In the material below, pictures must be dropped. Repeat exactly, and only, the lines from the line with "If you're a" to the line with "They're very, very", both ends included.

INFORMATION SHOWN
Content starts

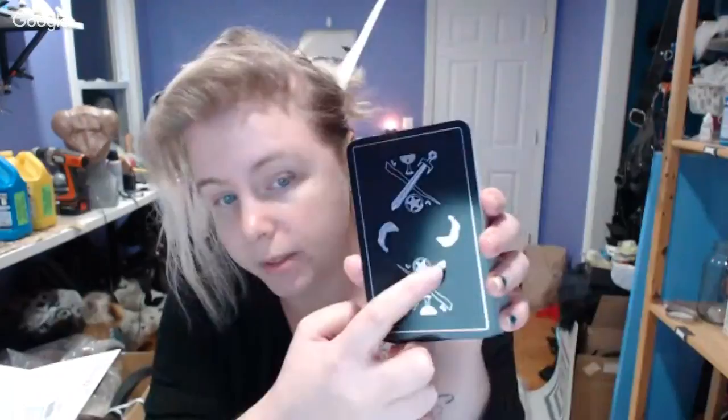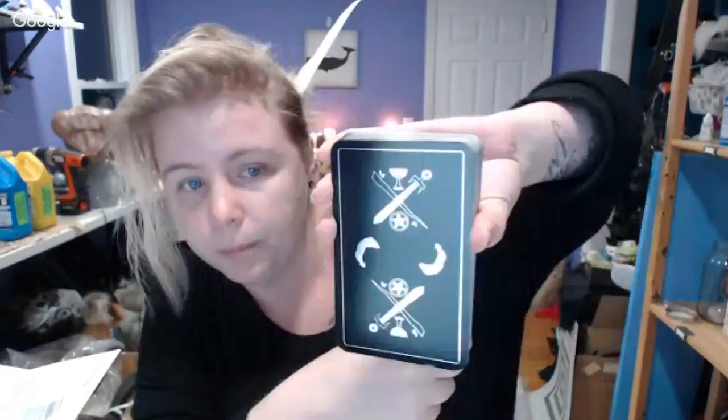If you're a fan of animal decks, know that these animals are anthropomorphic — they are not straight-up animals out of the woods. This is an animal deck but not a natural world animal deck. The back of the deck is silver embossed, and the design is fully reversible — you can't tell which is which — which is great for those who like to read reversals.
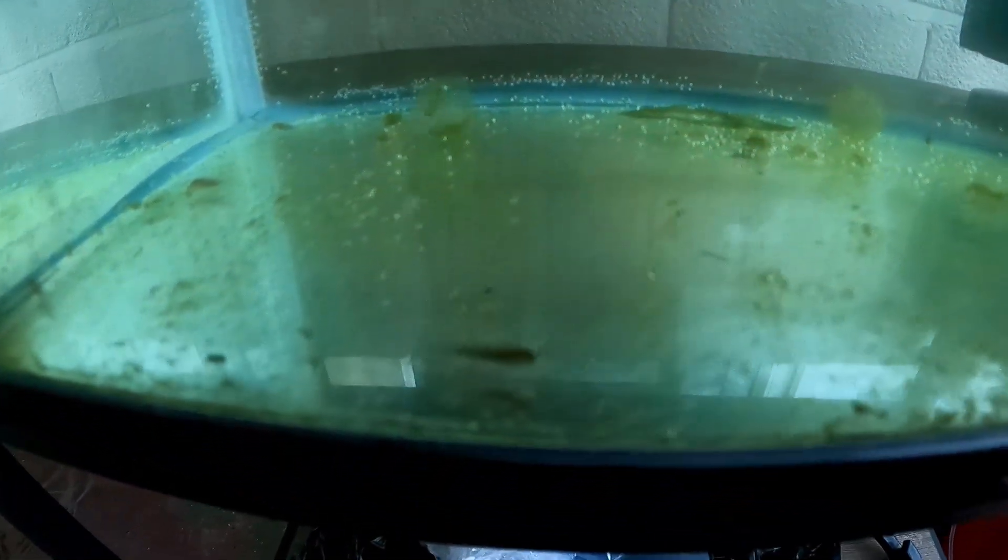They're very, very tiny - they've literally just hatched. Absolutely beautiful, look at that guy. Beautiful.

Content ends
Content starts

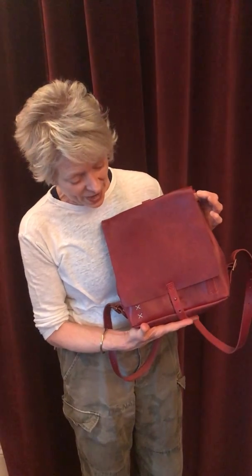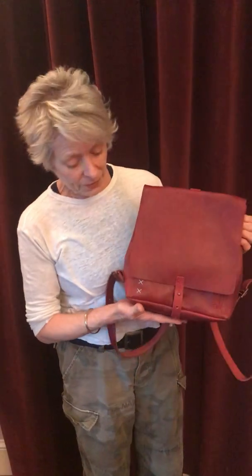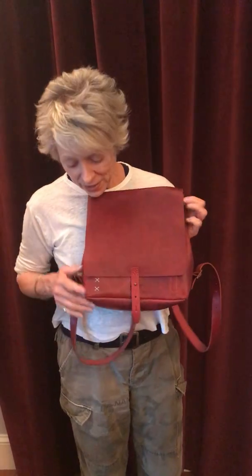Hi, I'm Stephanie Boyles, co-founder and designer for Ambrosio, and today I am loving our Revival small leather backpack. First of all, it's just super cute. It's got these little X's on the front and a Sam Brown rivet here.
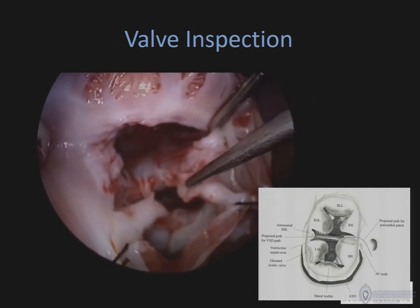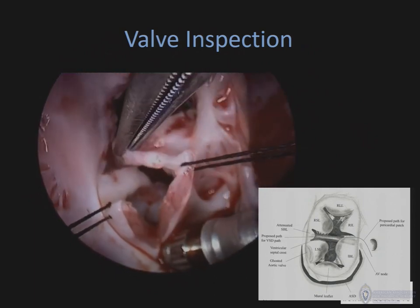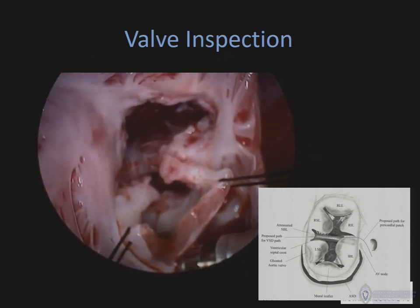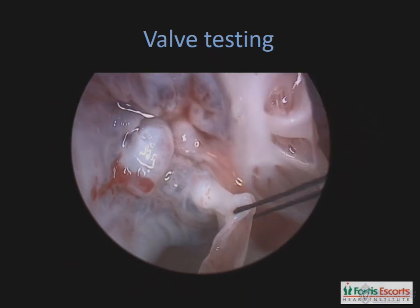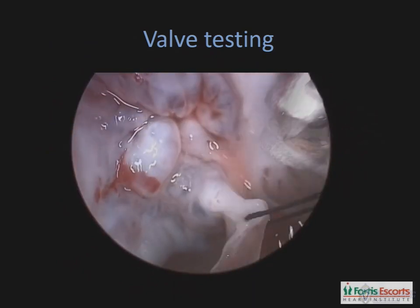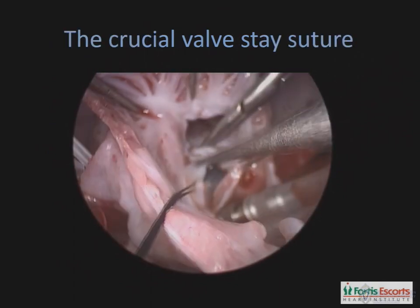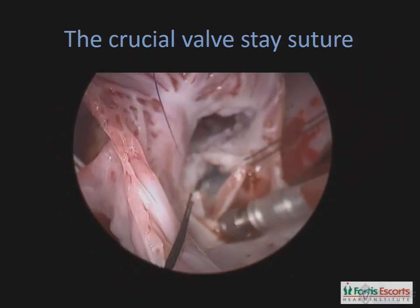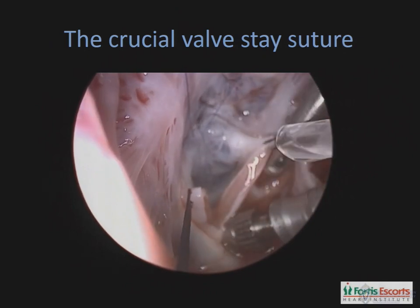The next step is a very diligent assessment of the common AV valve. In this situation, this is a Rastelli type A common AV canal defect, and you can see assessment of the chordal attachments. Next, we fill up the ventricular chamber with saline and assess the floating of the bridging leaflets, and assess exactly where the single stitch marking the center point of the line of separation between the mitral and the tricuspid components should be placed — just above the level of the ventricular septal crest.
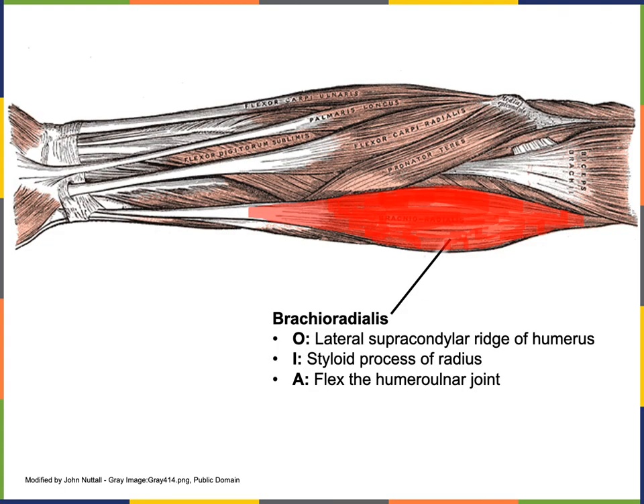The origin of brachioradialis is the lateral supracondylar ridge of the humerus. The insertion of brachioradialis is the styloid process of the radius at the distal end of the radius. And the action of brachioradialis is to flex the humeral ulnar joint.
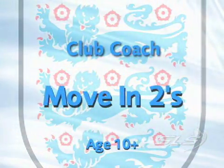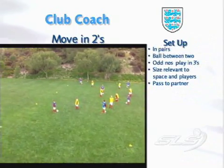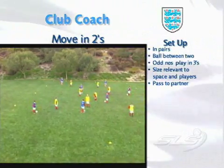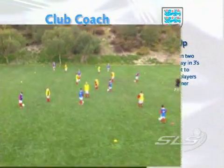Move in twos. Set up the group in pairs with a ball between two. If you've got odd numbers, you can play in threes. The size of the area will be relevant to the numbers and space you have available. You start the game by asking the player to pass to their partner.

Content ends
Content starts

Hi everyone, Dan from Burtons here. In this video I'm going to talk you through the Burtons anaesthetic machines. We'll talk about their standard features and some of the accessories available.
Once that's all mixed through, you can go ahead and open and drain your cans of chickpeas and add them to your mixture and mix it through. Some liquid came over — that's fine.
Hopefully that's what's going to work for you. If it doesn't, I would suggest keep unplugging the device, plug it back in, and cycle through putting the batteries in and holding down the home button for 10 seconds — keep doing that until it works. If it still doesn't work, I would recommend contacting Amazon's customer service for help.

Content ends

RESULT OF THIS EXERCISE
If you're a fan of animal decks, know that these animals are anthropomorphic — they are not straight-up animals out of the woods. This is an animal deck but not a natural world animal deck. The back of the deck is silver embossed, and the design is fully reversible — you can't tell which is which — which is great for those who like to read reversals.
They're very, very tiny - they've literally just hatched. Absolutely beautiful, look at that guy. Beautiful.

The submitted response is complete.